Influence of different-sized osmoprotectants on the ability for S. flexneri expressing different forms of ipaD to lyse RBC. A typical contact-mediated hemolysis reaction was performed in the presence of different osmoprotectants with wild-type S. flexneri M90T (open circles) or S. flexneri SF622 expressing ipaD (filled circles), ipaD^Δ41-80 (filled triangles), or ipaD^Δ81-120 (open triangles). Hemolysis in the absence of osmoprotectant is indicated by PBS, and all of the values shown are relative to complete hemolysis, such as that which occurs with the addition of water. The values shown are an average of triplicates ± the standard deviation (n = 3) from a single experiment performed three times.

FIG. 6.

IpaD controls the efficiency of IpaB and IpaC insertion into erythrocyte membranes. The amount of IpaB and IpaC present in prepared RBC membranes was determined by immunoblot analysis with anti-IpaB and anti-IpaC antibodies.

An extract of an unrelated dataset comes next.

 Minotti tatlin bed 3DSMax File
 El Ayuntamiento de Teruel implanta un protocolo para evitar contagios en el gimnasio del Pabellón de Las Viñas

M90T (lane 1) and SF622 expressing ipaD (lane 2) inserted similar amounts of these proteins into the membranes. In contrast, SF622 expressing ipaD^Δ41-80 or ipaD^Δ81-120 inserted much lower levels of IpaB and IpaC into the membranes (lanes 3 and 4, respectively). SF622 not producing any IpaD failed to insert detectable amounts of IpaB or IpaC into these membranes (lane 6), as did the mxiD TTSS apparatus mutant (lane 5) (1, 33). This experiment was performed three times with similar results.